Afghans, Tchétchènes, Ouzbeks, Tadjiks, Somaliens, Tunisiens, Français, Britanniques, et on en oublie, sans évidemment parler des autochtones : dans la sanglante tambouille cuisant à feu vif dans le chaudron syrien, il y avait déjà de tout, avant même l'intervention massive de Moscou. Celle-ci ne manquera sans doute pas de redonner du tonus à un Bachar el-Assad aux abois, malgré la participation aux combats de ses alliés iraniens et affiliés ; mais l'authentique salade russe qui vient d'être affichée au sinistre menu ne contribue certes pas à clarifier le devenir de la Syrie, et même de la région tout entière.


Sauver un régime baassiste qui lui concède une inestimable base navale en Méditerranée et enrayer une vague islamiste susceptible de s'étendre à son environnement caucasien : d'une désarmante simplicité, si l'on peut dire, paraissent les motivations généralement attribuées au Kremlin. En revanche, et si Moscou peut se vanter d'avoir incontestablement (et fort acrobatiquement) marqué des points, c'est son mode opératoire qui laisse perplexe.
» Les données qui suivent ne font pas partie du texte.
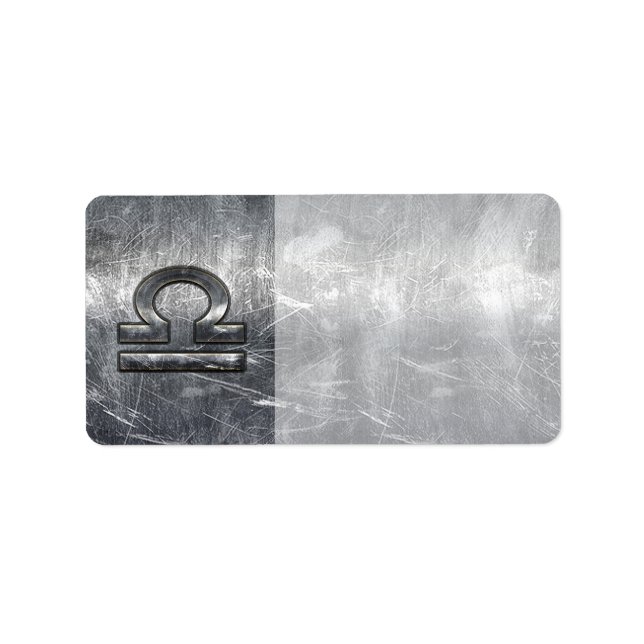 Libra Zodiac Symbol in silver grunge steel style Label (Front)
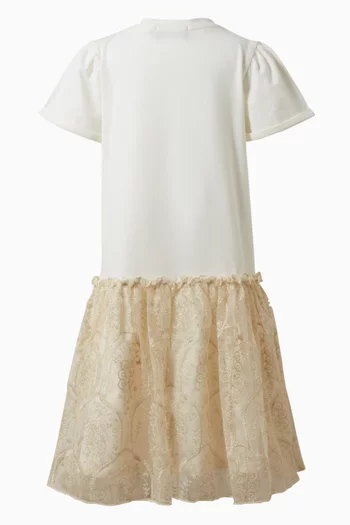 فستان بطبعة شعار الماركة قطن ودانتيل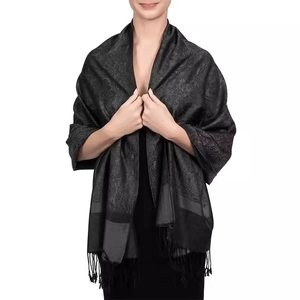 Women Paisley Jacquard Scarf Acrylic Ethnic Style Long Tassel Fringe Shawl Warm Wrap Elegant Fashion Accessory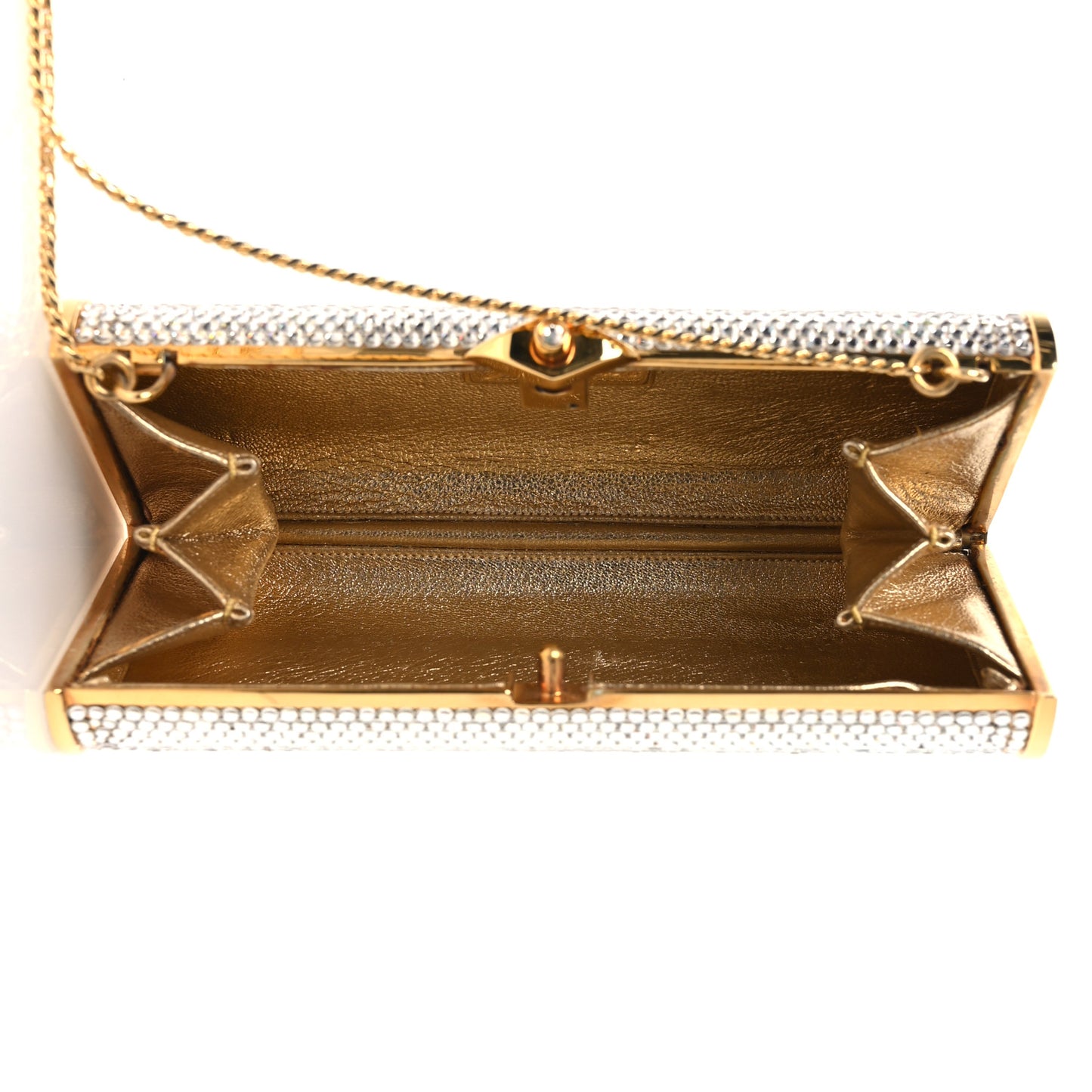 Swarovski Crystal Minaudiere Clutch Silver Gold
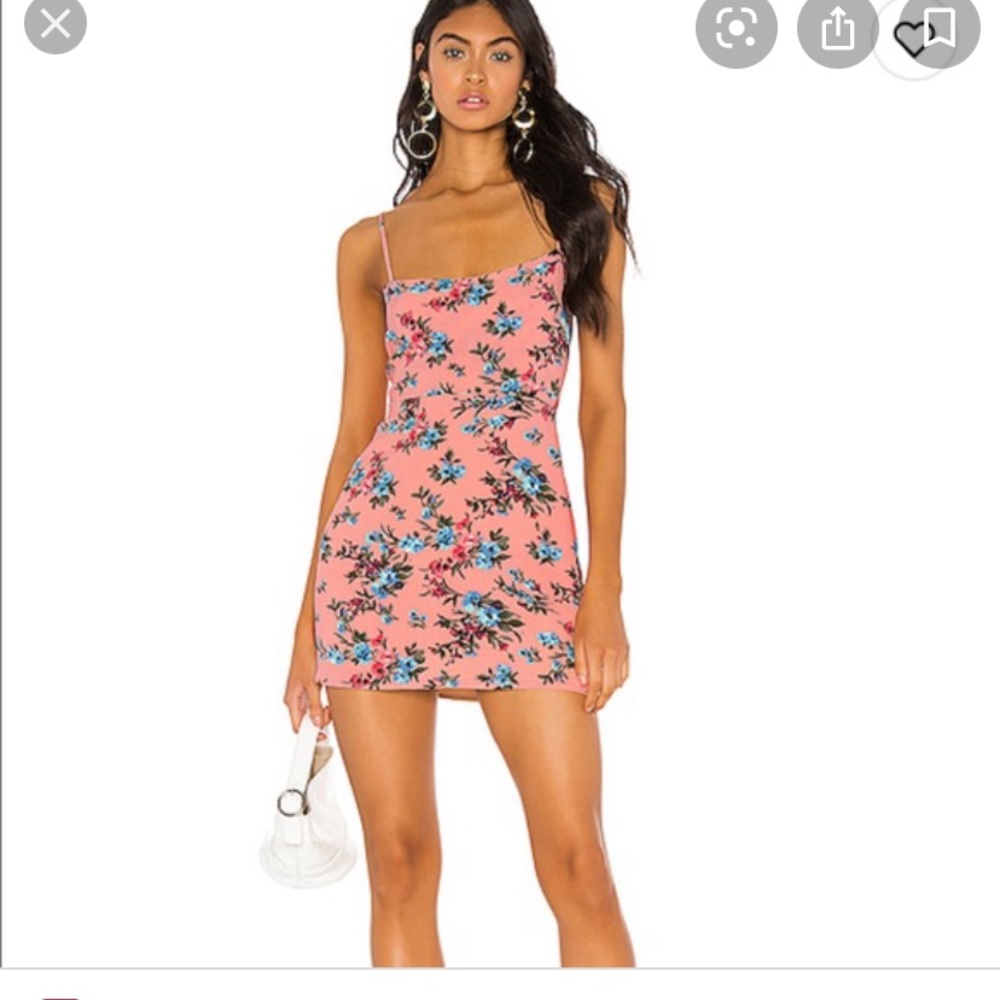 Endless summer pink mini dress with floral detail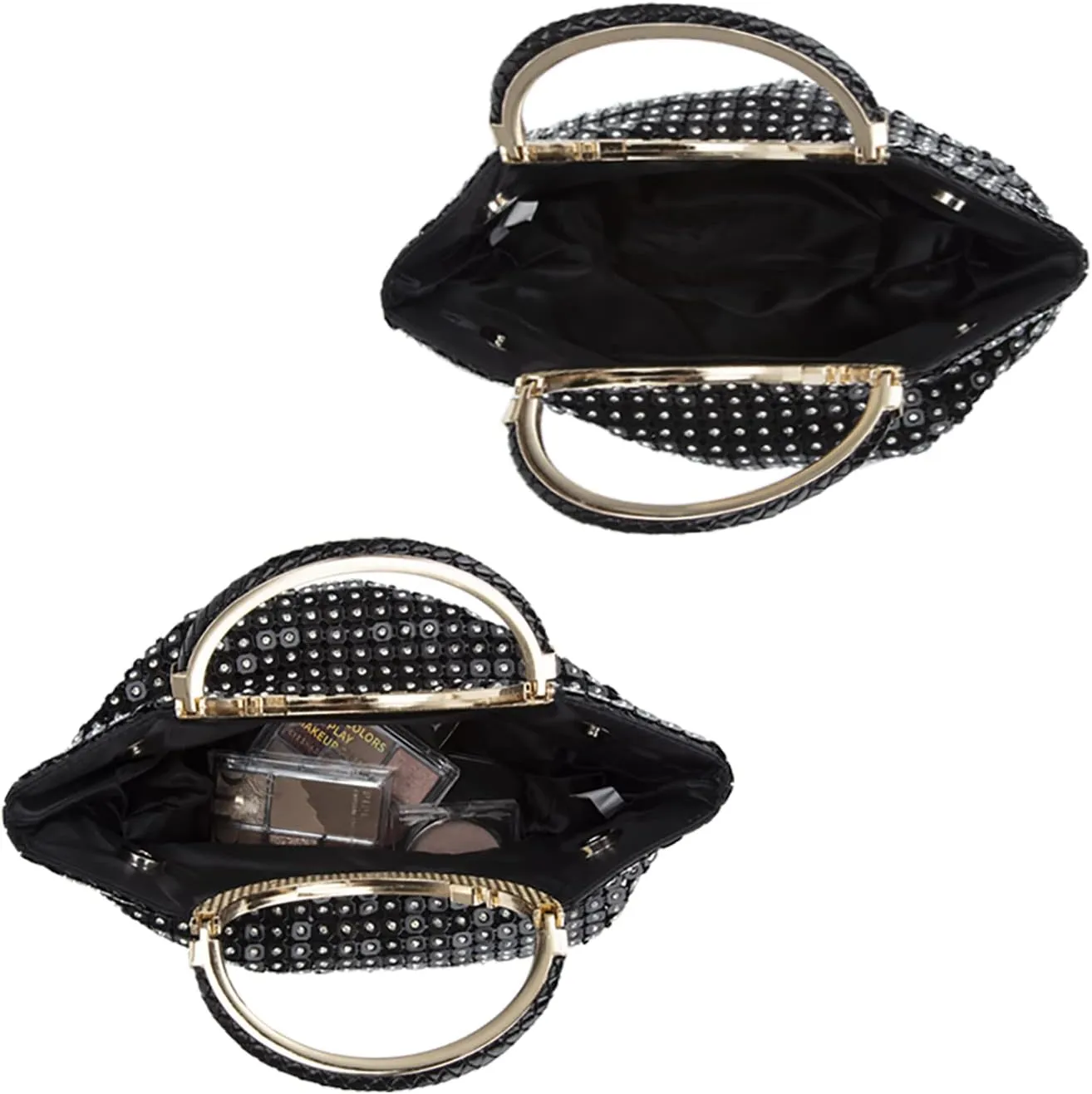 Designer Handbags Sequin Tote Bag With Rhinestone Wristlet Sparkly Purse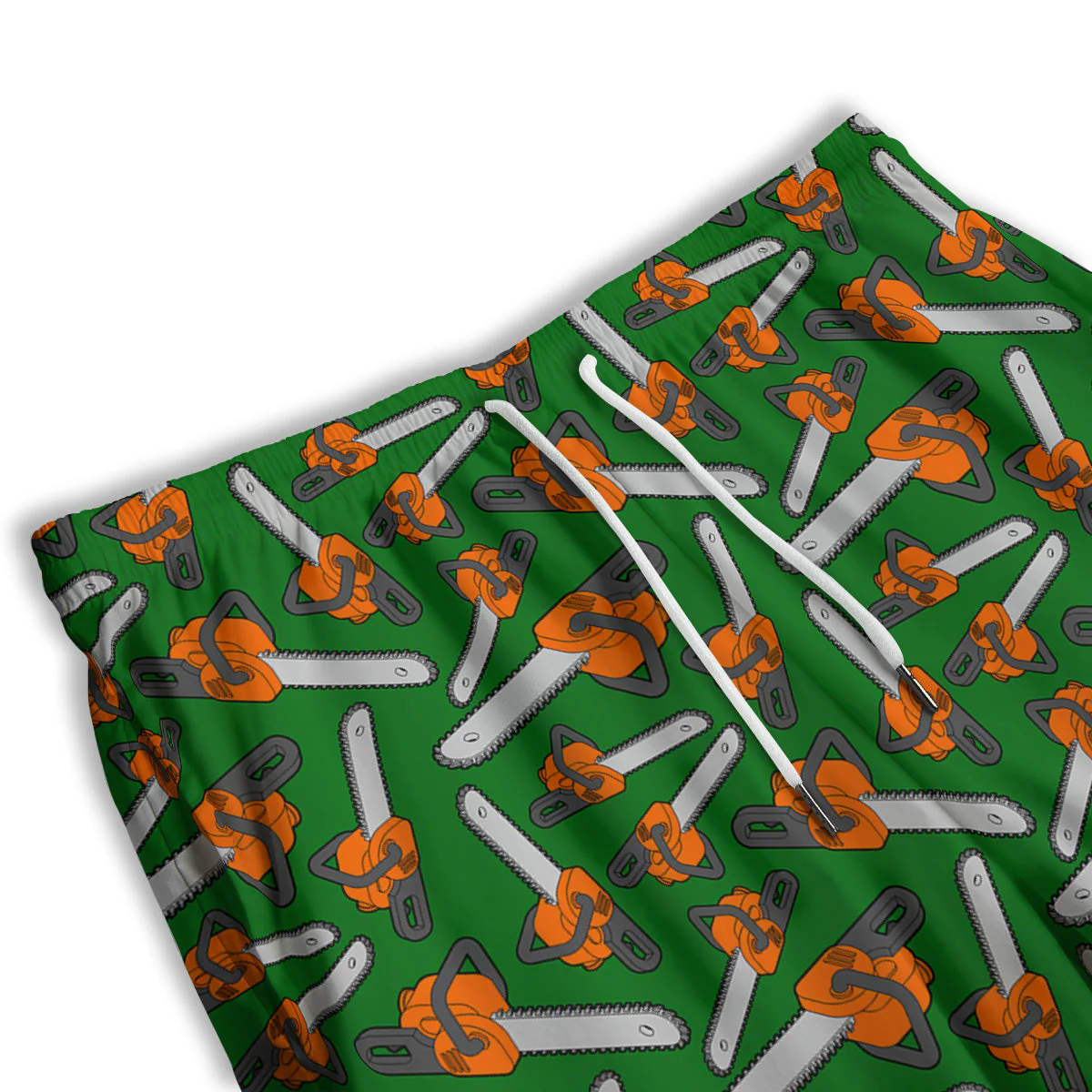Green Chainsaw Print Pattern Men's Athletic Shorts - Image 3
L'Amérique par lamentable irrésolution et la Russie à dessein n'ont jamais soutenu le projet turc d'une zone d'exclusion aérienne qui eut, pour le moins, mis la population syrienne à l'abri des barils d'explosifs que lance, à criminelle profusion, l'armée de Damas. Or dans les faits, c'est aujourd'hui l'aviation russe qui, par son intense activité, contraint la coalition internationale à la plus grande prudence en matière de survols. Qui, pour la première fois depuis des décennies, porte les généraux de Netanyahu à respecter scrupuleusement les règles du trafic dans un ciel syrien où Israël se croyait tout permis. Qui donne même dans la provocation en violant par deux fois l'espace aérien turc, en mettant à rude épreuve les nerfs d'Ankara et de l'Otan.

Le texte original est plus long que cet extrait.